Anfrage vom 2. Juni 2016 zur Beantwortung in der Ratsversammlung am 22. Juni 2016

Falschparker, u. a. auf den Radfahrstreifen sind im Alltag ein ärgerliches und gefährliches Problem in Leipzig. Dieser Konflikt ist immerzu verstärkt erlebbar bei den verschiedenen Großveranstaltungen rund um das Stadion und die Arena. So sind bei Fußballspielen die Radfahrstreifen in der Marschnerstraße zugeparkt. Anwohner und Anwohnerinnen der Sport- und Kulturstätten im Waldstraßen- und Musikviertel erleben immer häufiger eine außerordentlich zugespitzte Parksituation in ihrem Wohnumfeld.

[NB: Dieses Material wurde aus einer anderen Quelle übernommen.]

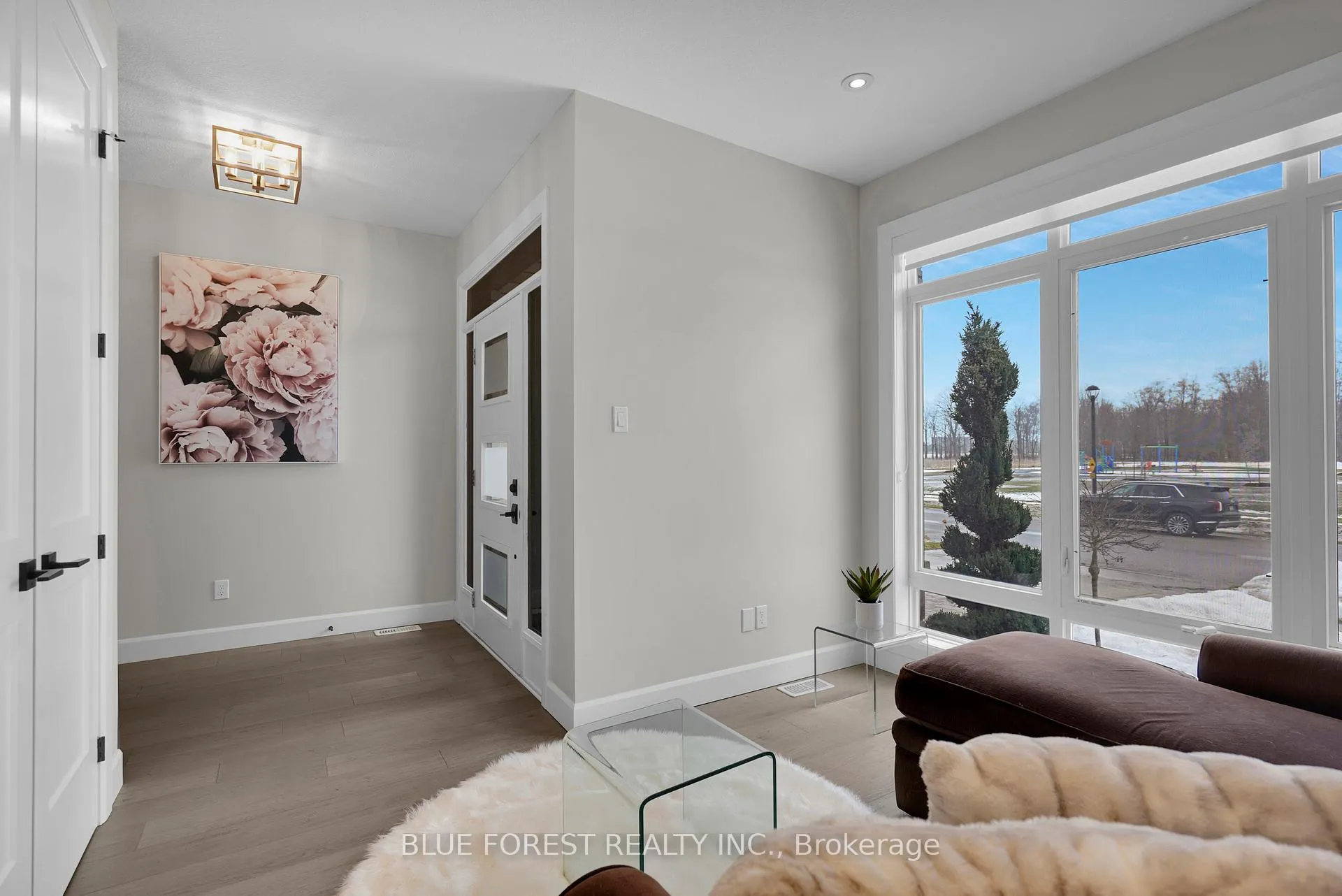 Photo 9 of 3297 Regiment Road, London, South V — HOMEH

Oberbürgermeister Jung sagte beim Aufstieg von RB Leipzig in die 1. Liga gegenüber der Presse am 9. Mai 2016 aus: „Ich bin überzeugt, dass wir mit den vorhandenen Möglichkeiten plus Ausbau auf 55.000 ein sehr gutes Stadion haben. Ich glaube, innerstädtische Stadien sind ein Zukunftsmodell. Wenn ich ein Stadion außerhalb auf die grüne Wiese baue, kommen damit verbundene Effekte nur noch sehr gering in der Stadt an. Ich spreche von Gastronomie, Hotellerie, Dienstleistungen. Es ist auch eine Chance, Verkehr anders zu organisieren. Bei der WM war es selbstverständlich, zu Fuß vom Hauptbahnhof ins Stadion zu gehen. ...“
Frage LVZ: Ist die Belastung im Waldstraßenviertel zu groß? „Sie ist groß, ich verstehe die Sorgen. Wir arbeiten an einem deutlich besseren Verkehrskonzept gerade zum Schutz des Waldstraßenviertels. Aber ein Großkonzert belastet mehr als Fußball.“

Wir fragen an:

  1. Wie arbeiteten die Stadtverwaltung (u.a. Ordnungsamt ), Sport- und Konzertveranstalter mit der Polizei bisher zusammen, um den allgemeinen fließenden Verkehr ohne Beeinträchtigungen aufrecht zu erhalten? Werden Falschparker während den Veranstaltungen mit großem Besucheraufkommen, u.a. auf Radfahrstreifen von Polizei und Ordnungsamt geduldet oder sanktioniert?
  2. Was meinte der Oberbürgermeister, als er die zukünftige Nutzung und den Ausbau der Red Bull Arena erklärte und gleichzeitig dafür ein „deutlich besseres Verkehrskonzept“ ankündigte? Welche Veränderungen stellt er sich im Bezug auf dieses Verkehrskonzept vor? Wann wird dem Stadtrat eine entsprechende Verwaltungsvorlage vorgelegt?
  3. Welche konkreten Maßnahmen für ein attraktiveres ÖPNV-Angebot in Zusammenspiel mit den vorhandenen P&R-Plätzen am Stadtrand sind im Ausbau?
  4. Ist es seitens der Verwaltung vorstellbar, das Waldstraßenviertel vor dem Parkplatzsuchverkehr bei Veranstaltungen umfassend zu schützen, z. B. durch umfängliche Sperrungen sowie Anwohner- und Bewohnerparken?
  5. Wird die Stadt Leipzig den Stadtordnungsdienst bei den genannten Großveranstaltungen gezielt in den betroffenen Wohngebieten einsetzen, um die StVO umzusetzen? Ist für den  Stadtordnungsdienst dazu eine Erhöhung der Personalstellen über den bereits mit dem Verwaltungsstandpunkt VI-A-02158-VSP-01 angekündigten generellen Ausbau absehbar notwendig?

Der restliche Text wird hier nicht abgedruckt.